EEA/ESEM 2007: Notes I

AUGUST 30, 2007

These are a first set of impressionistic notes taken from various sessions yesterday.

Wednesday AM: Janos Kornai: Life and Works

No real notes from this `session’ but some comments from the Q&D caught my attention:

Janos Kornai: Let me paint a dark picture: today we have become a machine for manufacturing economists. All papers are very uniform, with a very uniform style on subjects that are all in acceptable areas that are already established.

If you have a young PhD student today, very original say, with a very original paper but that isn’t really that polished. Well they could never go out into the `job market’ with that paper, they would take their standard paper in a well-establisehd area, which all the reviewers will be happy with.

To get money from Brussels, you have to be very specific about what you are going to deliver, what you are going to provide in one year time etc. But real, new, original work is not like that – you can’t say what you will exactly be producing in one or two years time.

Assar Linbeck: what has happened over the last few decades there has been a vast improvement in the level of technical training of PhDs. That is wonderful but you then you spend your whole time on technicalities, searching under the lamp-post as it were. Nowadays we have a lot of government funding and that leads to very specific funding which are all aimed at solving some big public problem (the environment etc etc). We need to be more free in our funding approaches.

Wednesday PM: Development Panel

Daron Acemoglu

Should do more detailed work, especially on the empirical side, to get better models of growth (which then might help us do policy stuff).

Esther Duflo: Aid Optimists and Aid Pessimists

  • Deplores focus on either pure optimism (Aid can solve the development `problem’) or pure pessimism (Aid is useless)
    • This is not very surprising, as public discourse has a tendency to get polarized. The attention span in the public sphere (and rock concert) rarely extends beyond one sentence.
  • On the optimists side we have lots of low-hanging fruit
    • But lots of rubbish in there too (look at Sachs or the World Banks list: some items with lots evidence of their effectiveness but lots with zero evidence).
  • On the aid pessimist side these are OK but lack glamour
    • These are modest interventions. No government or donor wants to back these.
  • Let’s be modest: we are plumbers not nuclear physicists. The devil is going to be in the details. We can’t just work from models have to get our hands really dirty. Need plenty of evaluation – and this has payoffs for economic research – especially in estimating from micro-data key parameters such as returns to physical capital (De Mel et al.) returns to human capital (Thomas et al.).

William Easterly

Engaging, witty presentation attacking 3 main fallacies:

  • We know what causes growth
  • We know how Aid interacts with these causes
  • We know who is the ‘we’ in the statement:we must achieve development/growth'' (or we must solve poverty’’ etc)

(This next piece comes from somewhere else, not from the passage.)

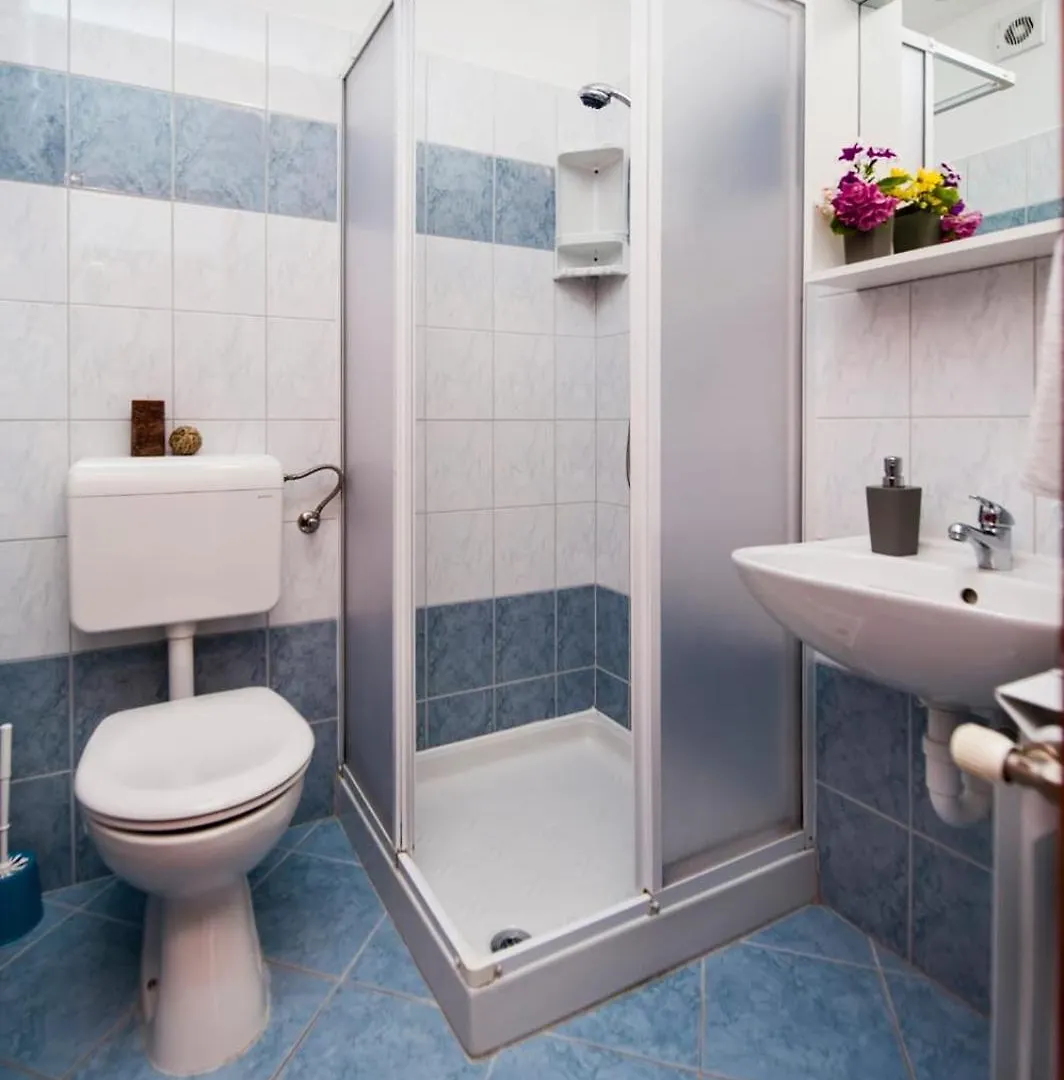 Ladonja Bed & Breakfast Rovinjsko Selo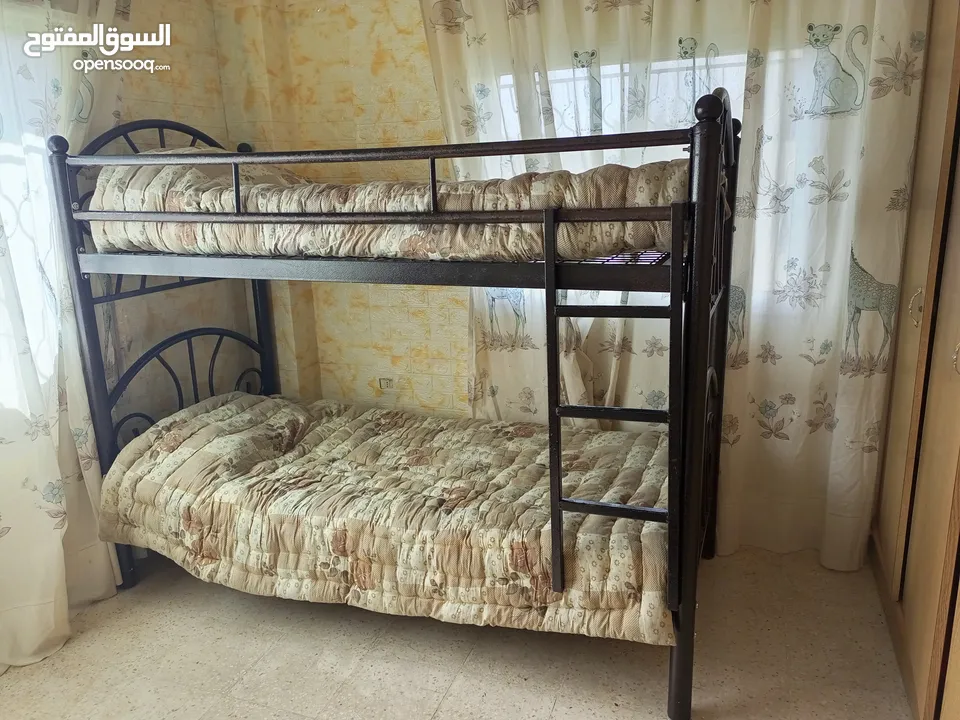 عفش بيت مستعمل نضيف بداعي السفر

All kinds of data and info whose main message is we don’t have a lot of evidence that large scale Aid disbursements work.

[ed:] Best summary of Easterly’s arguments in recent JEL review of Sach’s latest screed (End of Poverty) which made almost exactly the same points as Duflo:

  • Focus on discrete small/medium size projects for which we have good evidence they work and do small experiments to develop new ideas.
  • Stay away from large projects, do not just throw Aid money at countries and avoid promising the earth (as e.g. Bono and Sachs do regarding `Ending World Poverty’).

Conclusions from talk:

  • Really need to keep the Aid and Development separate. Focus on what Aid can do to help people in direct ways now and leave development as something else.
  • Aid: do only what can be evaluated, and evaluate only what can be done.
  • Development: don’t trust experts, focus on home-grown solutions.


Talks about some of his work particularly in relation to resource curse and accountability for revenues from natural resources.

Paul Collier

Argues strongly that economists need to engage with policy-making more. Complains that too often now economists only address their peers (and only care about their opinions). What we write for our peers is completely incomprehensible to other to the general public. Says that nowadays regularly writes 2 versions of his research: one for the academe and one for the public.

Re-mentions the wonderful story told by George Soros about accountancy exercise there which led to publication of data on the level of oil revenue going to each subregion. This resulted in death threats for the data providers and the biggest ever daily sales of newspapers in Nigeria.